- **Supplied records**
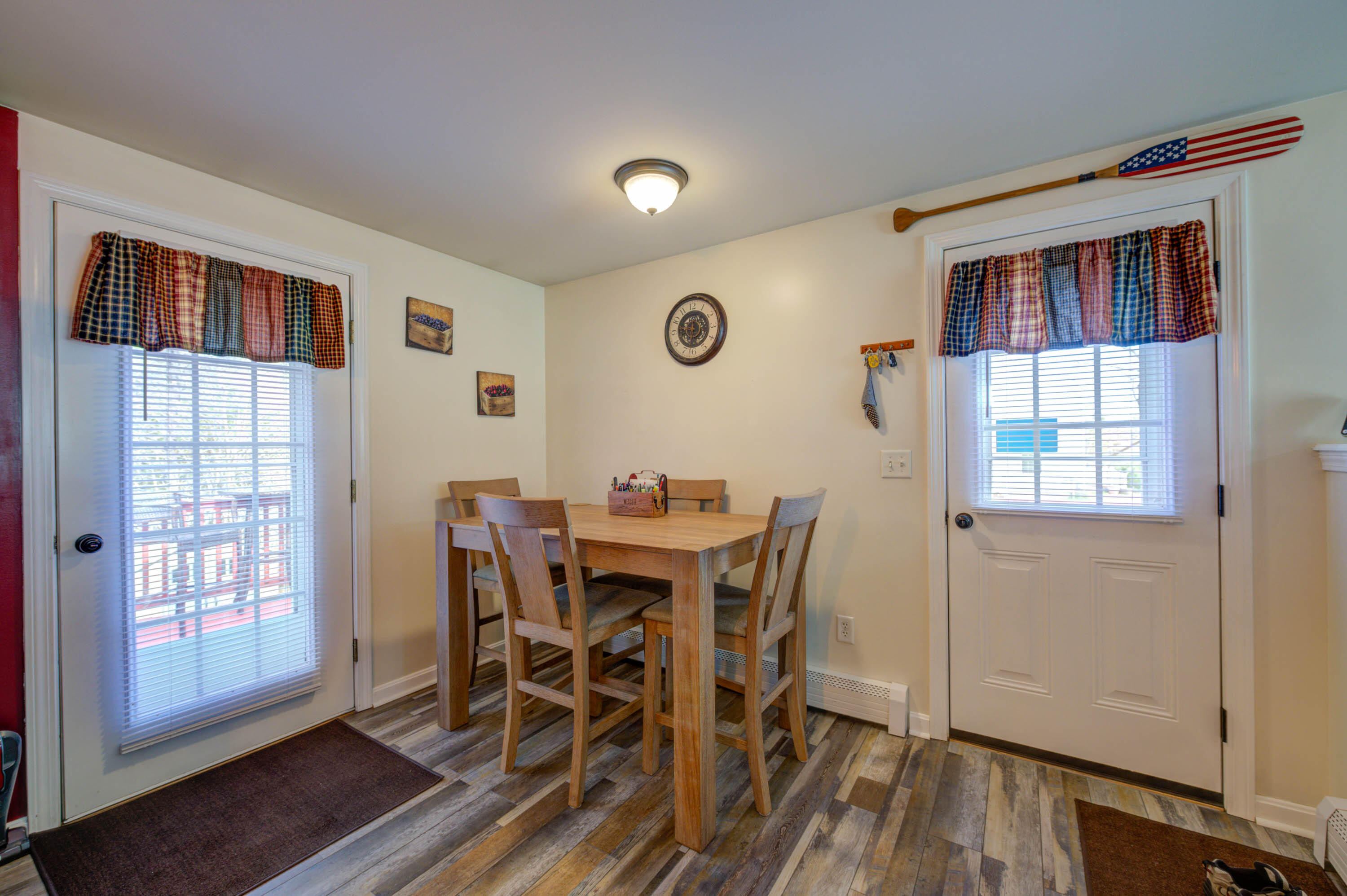 30 Natures Way Standish, ME 04085 - Photo 4 of 44 pic-9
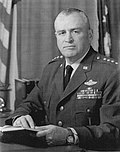 Thumbnail for File:Wm H Blanchard VCSAF.jpg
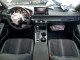 Honda CIVIC 2022 — Copart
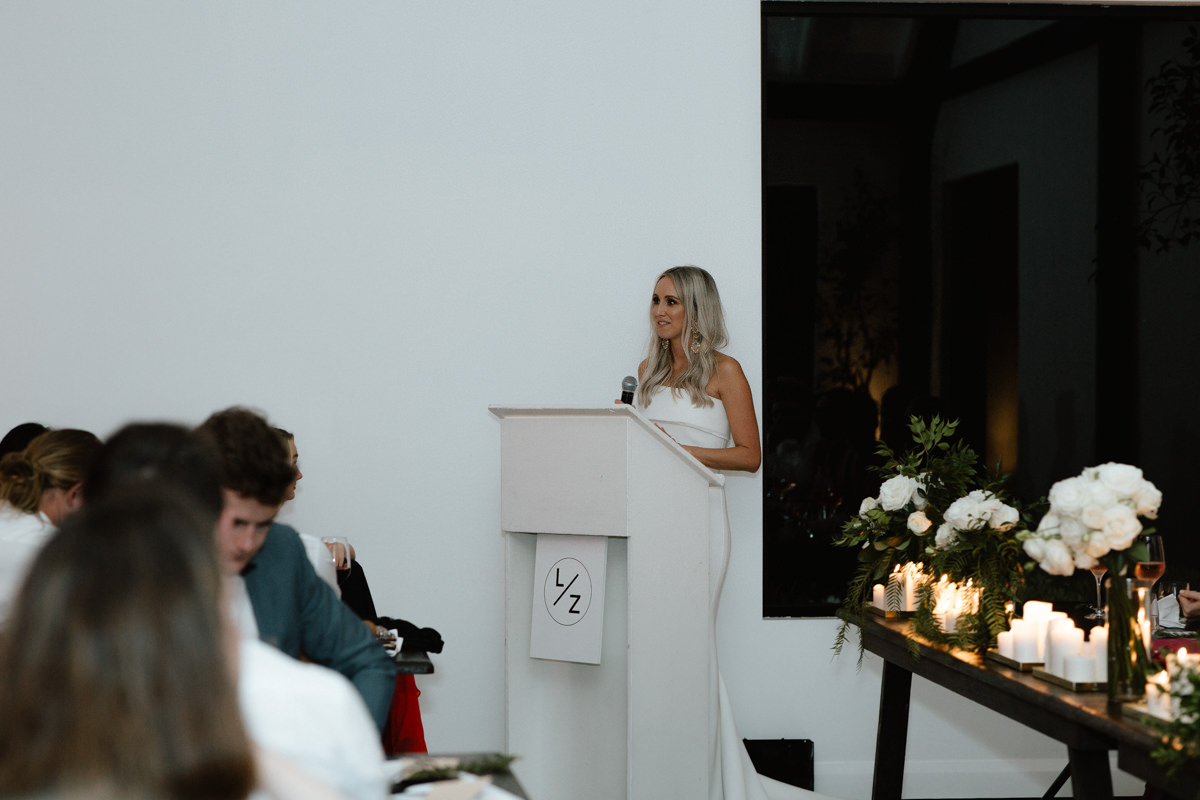 theorchardestate.Byronbaywedding-124.jpg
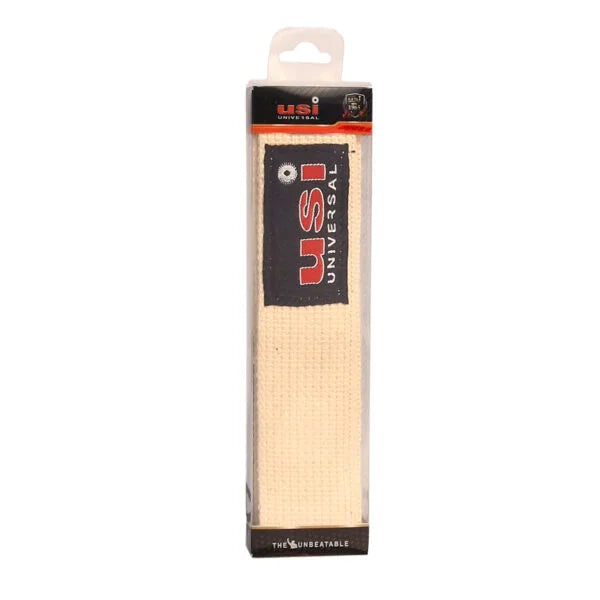 USI YS Yoga Strap - Fitness Equipment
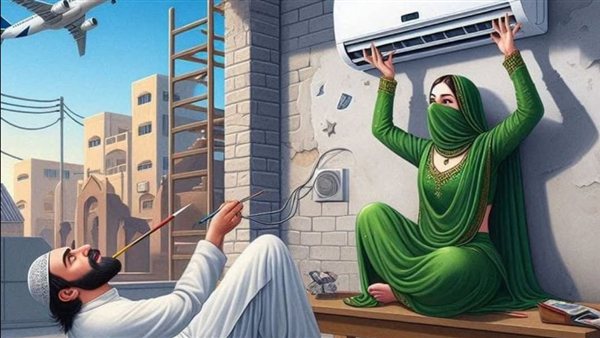 لمحة نيوز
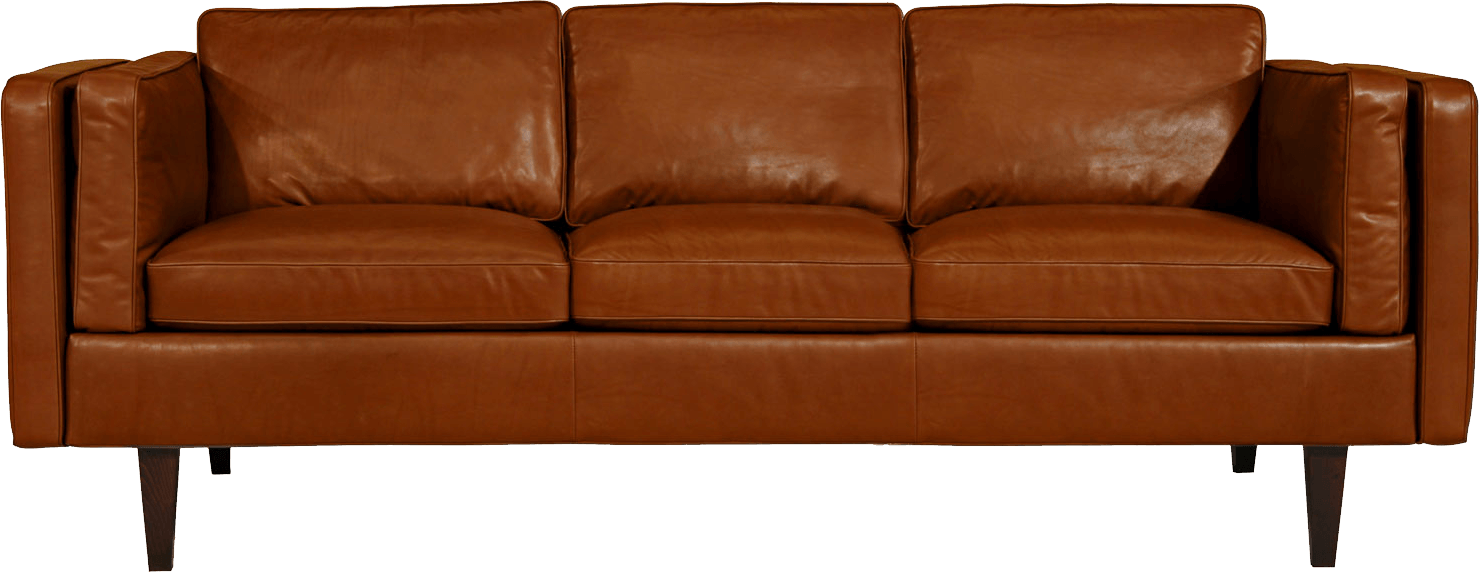 Sofa Png Image Transparent PNG Image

- **What you need to do**
Leave every image out, and retype the material exactly.

- **Answer below**
 30 Natures Way Standish, ME 04085 - Photo 4 of 44 pic-9
 Thumbnail for File:Wm H Blanchard VCSAF.jpg
 Honda CIVIC 2022 — Copart
 theorchardestate.Byronbaywedding-124.jpg
 USI YS Yoga Strap - Fitness Equipment
 لمحة نيوز
 Sofa Png Image Transparent PNG Image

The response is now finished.